═══ Recorded information

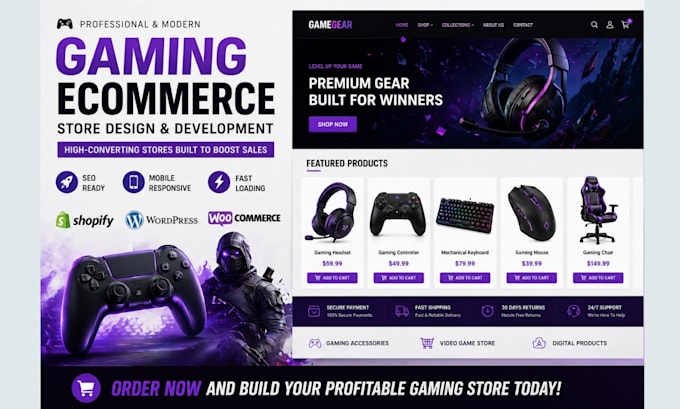 design gaming website, ecommerce website, online store, wordpress gaming store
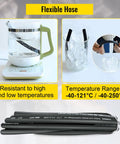 Hydraulic hose, 50 ft rubber with two high-tensile steel wire braids, 1/2 in ID, 5000 psi max, -40 to 250 °F.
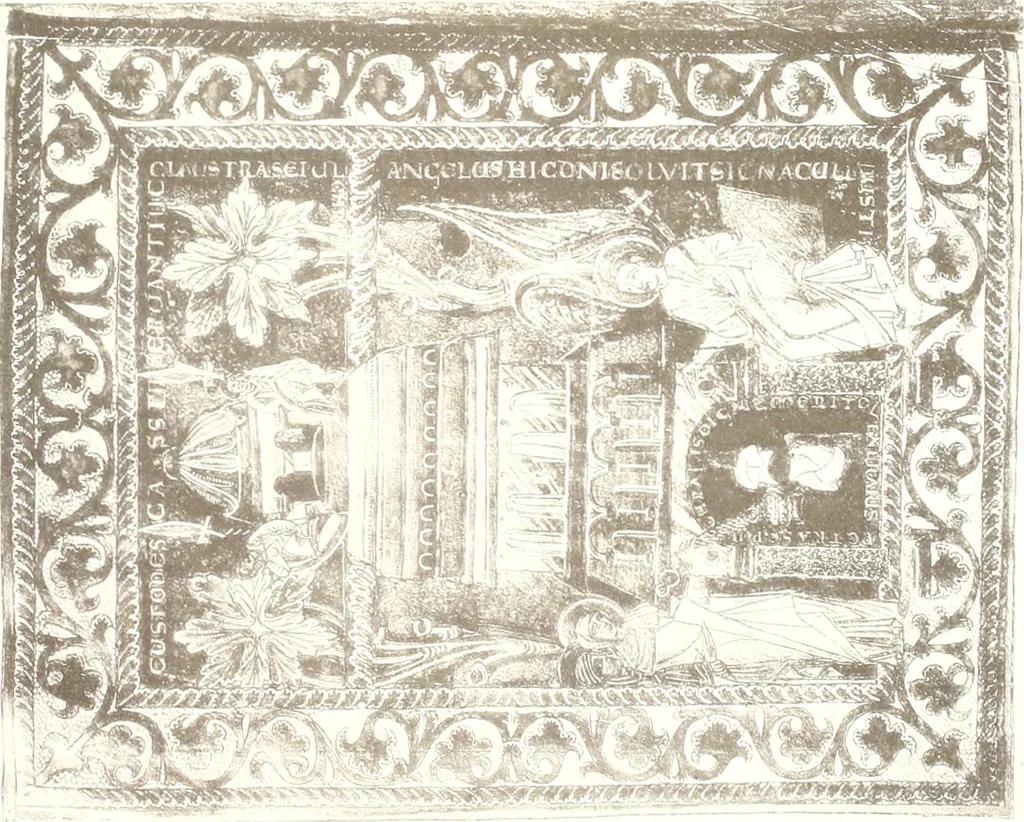 An illustration from Die Regensburger Buchmalerei des X. und XI. Jahrhunderts, Studien zur Geschichte der deutschen Malerei des frühen Mittelalters, 1901, leaf 258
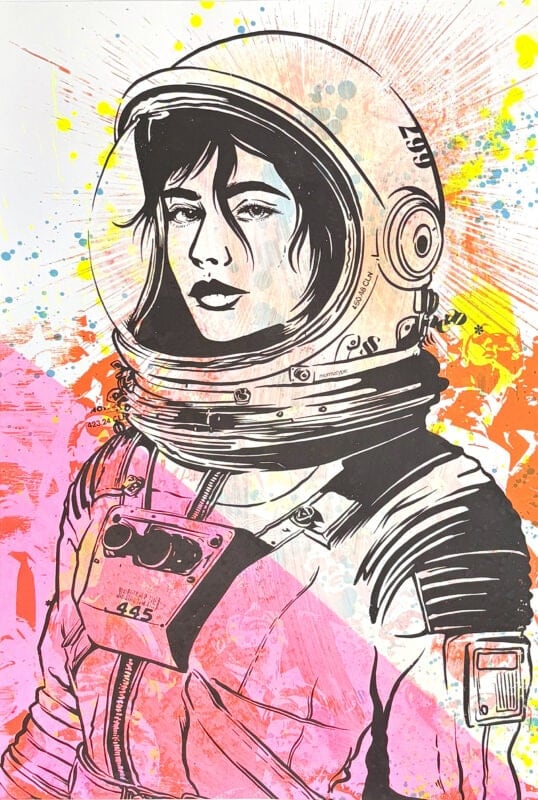 Astronautin Hand-Finished Multiple Siebdruck Unikat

══════

■ Exercise description:
The lines to copy run from the one with "An illustration from" through the end of the material. Write them out exactly, leaving out the pictures.

■ Reply to the exercise:
 An illustration from Die Regensburger Buchmalerei des X. und XI. Jahrhunderts, Studien zur Geschichte der deutschen Malerei des frühen Mittelalters, 1901, leaf 258
 Astronautin Hand-Finished Multiple Siebdruck Unikat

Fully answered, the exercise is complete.